The problem
Every record below needs to be set down exactly. Pictures do not belong in the copy.

────────

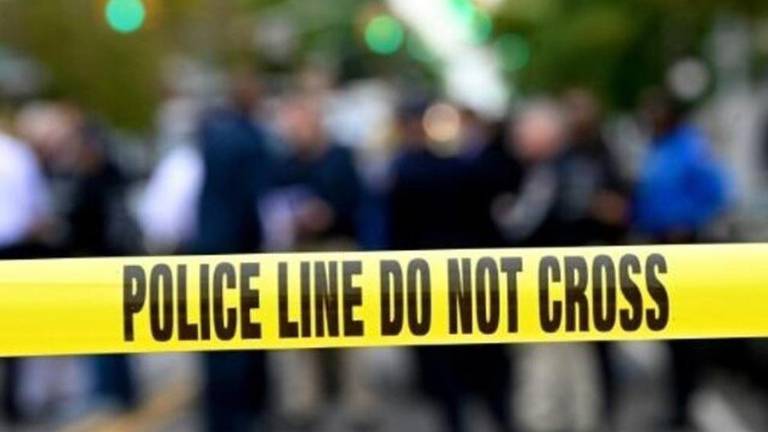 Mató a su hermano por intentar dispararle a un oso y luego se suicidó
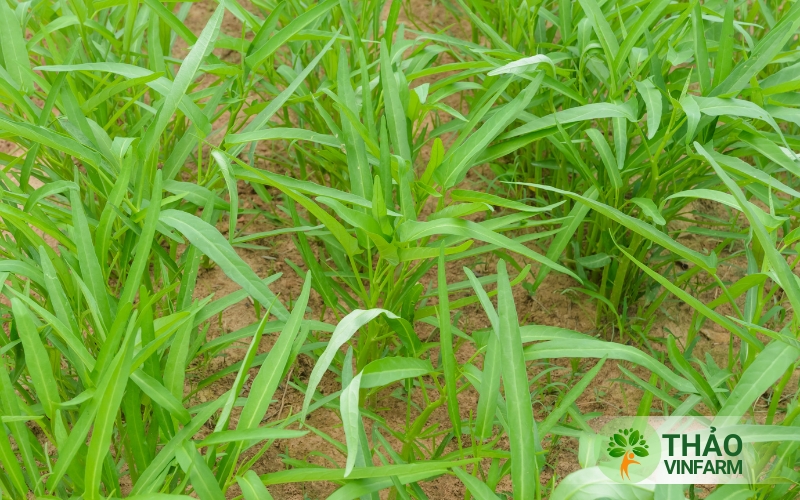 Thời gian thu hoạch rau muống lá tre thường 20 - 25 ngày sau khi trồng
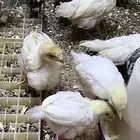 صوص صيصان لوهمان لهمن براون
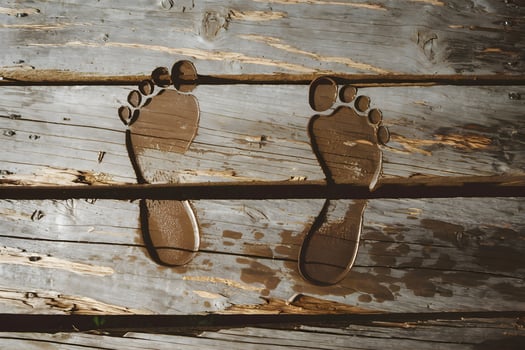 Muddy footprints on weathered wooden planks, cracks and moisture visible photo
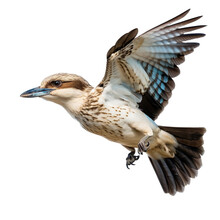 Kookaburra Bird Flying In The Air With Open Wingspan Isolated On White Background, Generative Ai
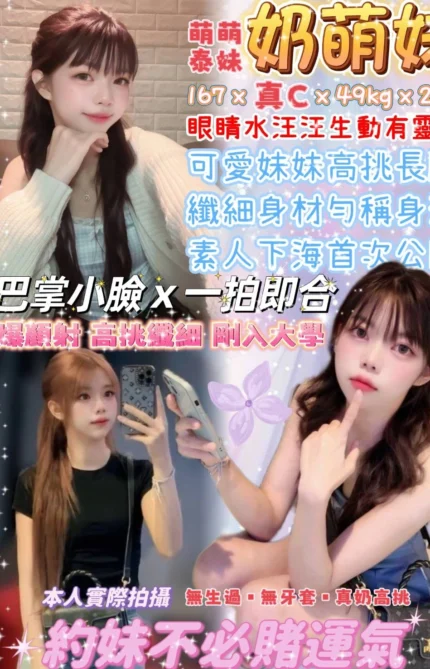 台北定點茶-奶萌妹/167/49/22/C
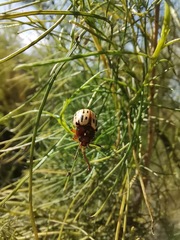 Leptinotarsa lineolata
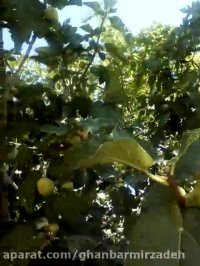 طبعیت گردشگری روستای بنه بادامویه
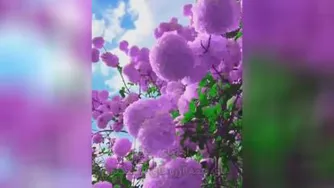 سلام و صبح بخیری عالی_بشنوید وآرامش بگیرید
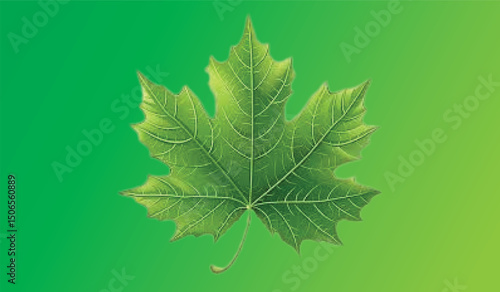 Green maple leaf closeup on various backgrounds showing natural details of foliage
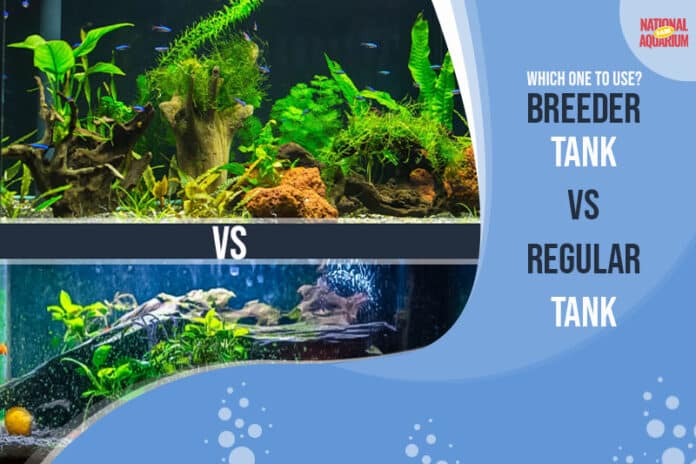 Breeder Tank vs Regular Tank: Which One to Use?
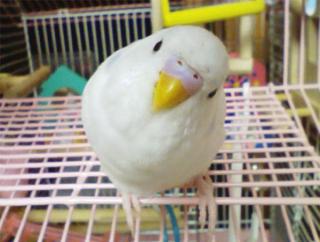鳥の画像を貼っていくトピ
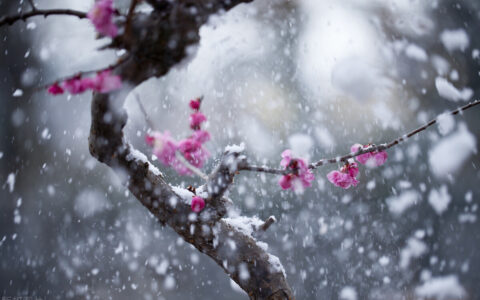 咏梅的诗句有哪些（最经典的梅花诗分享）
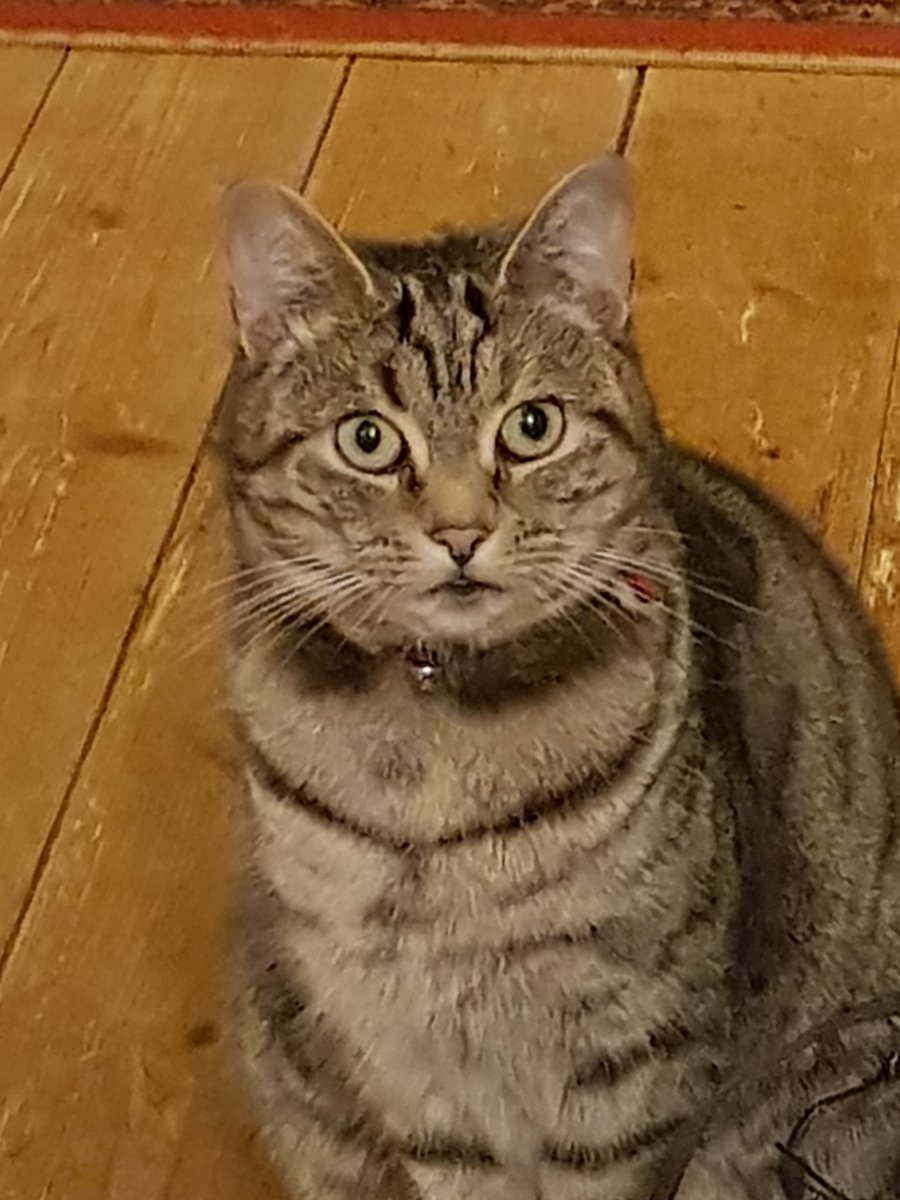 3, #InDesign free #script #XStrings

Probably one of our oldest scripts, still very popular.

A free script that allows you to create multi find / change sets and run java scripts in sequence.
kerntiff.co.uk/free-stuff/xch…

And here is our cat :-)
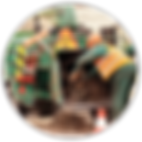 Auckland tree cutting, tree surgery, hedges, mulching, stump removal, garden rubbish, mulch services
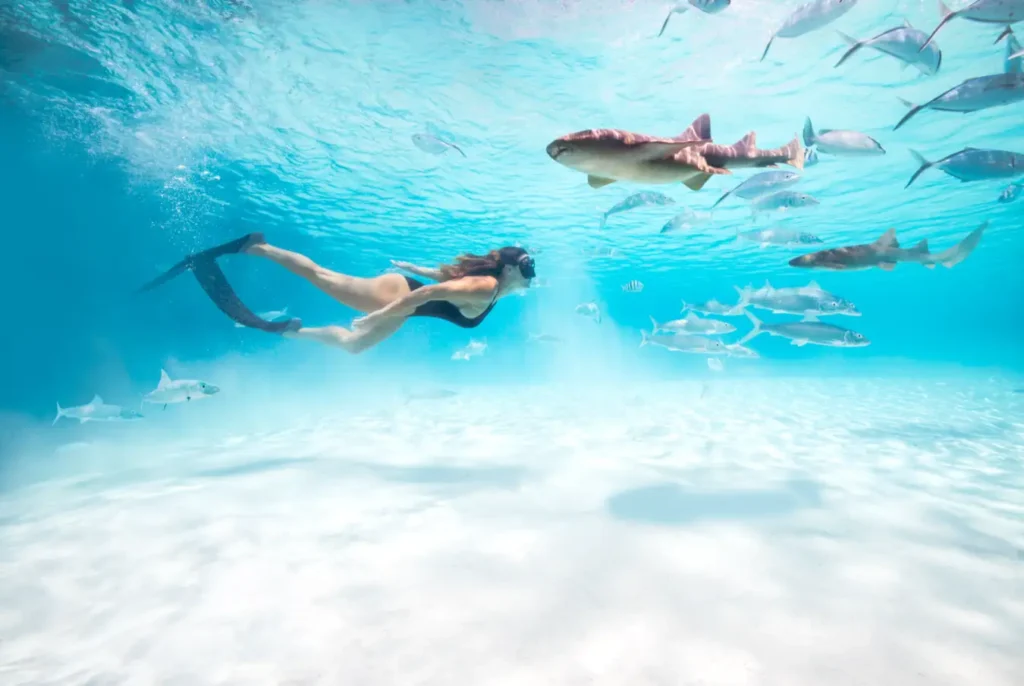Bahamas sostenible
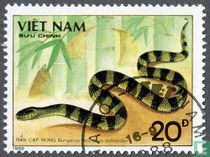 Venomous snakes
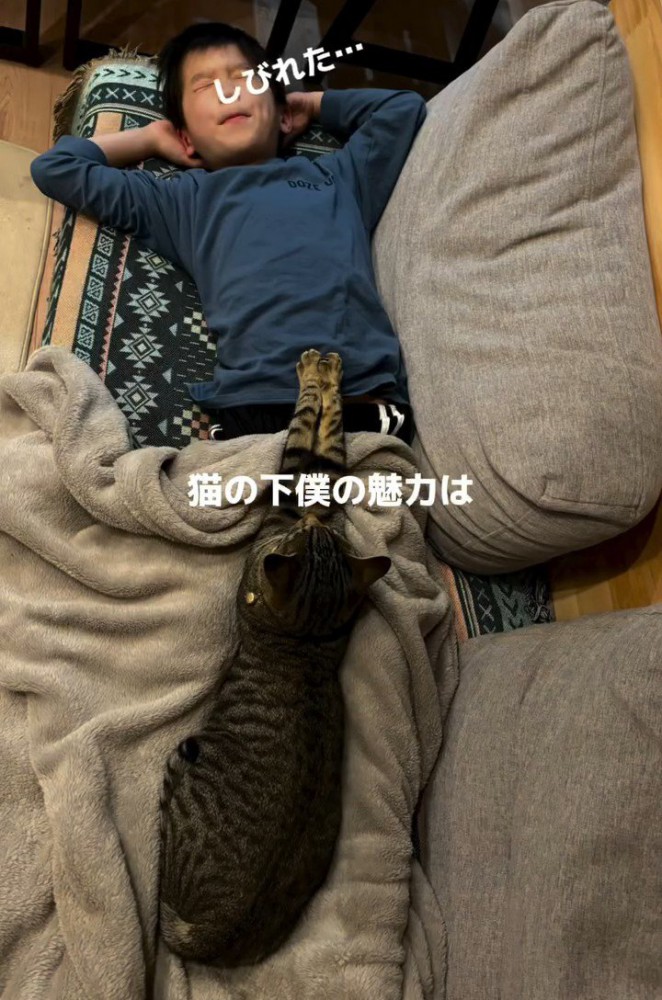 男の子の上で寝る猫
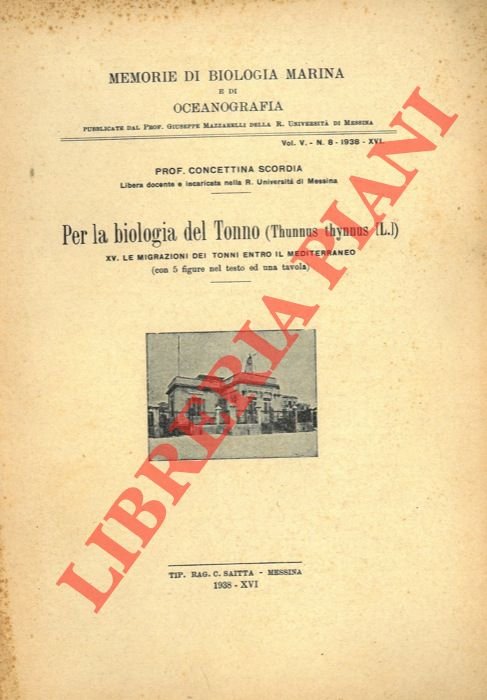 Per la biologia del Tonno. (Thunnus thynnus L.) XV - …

────────

Task solution
 Mató a su hermano por intentar dispararle a un oso y luego se suicidó
 Thời gian thu hoạch rau muống lá tre thường 20 - 25 ngày sau khi trồng
 صوص صيصان لوهمان لهمن براون
 Muddy footprints on weathered wooden planks, cracks and moisture visible photo
 Kookaburra Bird Flying In The Air With Open Wingspan Isolated On White Background, Generative Ai
 台北定點茶-奶萌妹/167/49/22/C
 Leptinotarsa lineolata
 طبعیت گردشگری روستای بنه بادامویه
 سلام و صبح بخیری عالی_بشنوید وآرامش بگیرید
 Green maple leaf closeup on various backgrounds showing natural details of foliage
 Breeder Tank vs Regular Tank: Which One to Use?
鳥の画像を貼っていくトピ
 咏梅的诗句有哪些（最经典的梅花诗分享）
 3, #InDesign free #script #XStrings

Probably one of our oldest scripts, still very popular.

A free script that allows you to create multi find / change sets and run java scripts in sequence.
kerntiff.co.uk/free-stuff/xch…

And here is our cat :-)
 Auckland tree cutting, tree surgery, hedges, mulching, stump removal, garden rubbish, mulch services
Bahamas sostenible
 Venomous snakes
 男の子の上で寝る猫
 Per la biologia del Tonno. (Thunnus thynnus L.) XV - …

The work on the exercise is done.